Once the line holding "Gardeon Outdoor Swing" is found in the listing below, write it out and each later line exactly, up to and including the one holding "Hippie Animal Cow".

TASK INPUTS.

______

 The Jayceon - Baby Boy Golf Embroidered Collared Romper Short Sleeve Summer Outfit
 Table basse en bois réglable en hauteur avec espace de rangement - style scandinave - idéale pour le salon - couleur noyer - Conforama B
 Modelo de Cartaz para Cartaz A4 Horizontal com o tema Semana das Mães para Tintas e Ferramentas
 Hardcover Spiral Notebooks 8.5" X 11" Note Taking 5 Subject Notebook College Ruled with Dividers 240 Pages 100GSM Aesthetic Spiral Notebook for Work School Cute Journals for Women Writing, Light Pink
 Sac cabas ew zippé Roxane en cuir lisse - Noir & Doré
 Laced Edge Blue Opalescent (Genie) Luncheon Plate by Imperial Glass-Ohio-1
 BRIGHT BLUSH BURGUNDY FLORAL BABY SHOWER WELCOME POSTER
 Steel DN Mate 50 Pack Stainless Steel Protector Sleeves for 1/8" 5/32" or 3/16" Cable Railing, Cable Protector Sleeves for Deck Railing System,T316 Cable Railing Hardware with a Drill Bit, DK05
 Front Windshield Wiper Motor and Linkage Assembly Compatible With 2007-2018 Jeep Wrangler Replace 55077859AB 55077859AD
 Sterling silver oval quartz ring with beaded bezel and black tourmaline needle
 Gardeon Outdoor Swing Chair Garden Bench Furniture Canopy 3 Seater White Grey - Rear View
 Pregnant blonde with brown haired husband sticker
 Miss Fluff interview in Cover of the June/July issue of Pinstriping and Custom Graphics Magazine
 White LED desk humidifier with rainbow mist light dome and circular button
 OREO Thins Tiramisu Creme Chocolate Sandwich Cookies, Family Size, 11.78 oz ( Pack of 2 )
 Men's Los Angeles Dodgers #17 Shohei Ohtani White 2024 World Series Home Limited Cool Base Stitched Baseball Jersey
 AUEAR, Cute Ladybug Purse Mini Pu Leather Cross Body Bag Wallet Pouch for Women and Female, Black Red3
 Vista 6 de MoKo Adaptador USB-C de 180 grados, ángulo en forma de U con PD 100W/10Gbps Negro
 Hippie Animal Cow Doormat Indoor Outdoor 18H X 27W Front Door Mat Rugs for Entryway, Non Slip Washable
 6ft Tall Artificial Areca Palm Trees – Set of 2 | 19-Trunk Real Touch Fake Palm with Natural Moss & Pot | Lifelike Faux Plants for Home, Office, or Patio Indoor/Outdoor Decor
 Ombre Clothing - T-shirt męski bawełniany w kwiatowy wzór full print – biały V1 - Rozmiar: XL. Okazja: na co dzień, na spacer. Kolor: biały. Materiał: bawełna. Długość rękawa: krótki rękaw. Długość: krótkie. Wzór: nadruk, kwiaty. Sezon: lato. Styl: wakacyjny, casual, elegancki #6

______

ANSWER SPACE.
 Gardeon Outdoor Swing Chair Garden Bench Furniture Canopy 3 Seater White Grey - Rear View
 Pregnant blonde with brown haired husband sticker
 Miss Fluff interview in Cover of the June/July issue of Pinstriping and Custom Graphics Magazine
 White LED desk humidifier with rainbow mist light dome and circular button
 OREO Thins Tiramisu Creme Chocolate Sandwich Cookies, Family Size, 11.78 oz ( Pack of 2 )
 Men's Los Angeles Dodgers #17 Shohei Ohtani White 2024 World Series Home Limited Cool Base Stitched Baseball Jersey
 AUEAR, Cute Ladybug Purse Mini Pu Leather Cross Body Bag Wallet Pouch for Women and Female, Black Red3
 Vista 6 de MoKo Adaptador USB-C de 180 grados, ángulo en forma de U con PD 100W/10Gbps Negro
 Hippie Animal Cow Doormat Indoor Outdoor 18H X 27W Front Door Mat Rugs for Entryway, Non Slip Washable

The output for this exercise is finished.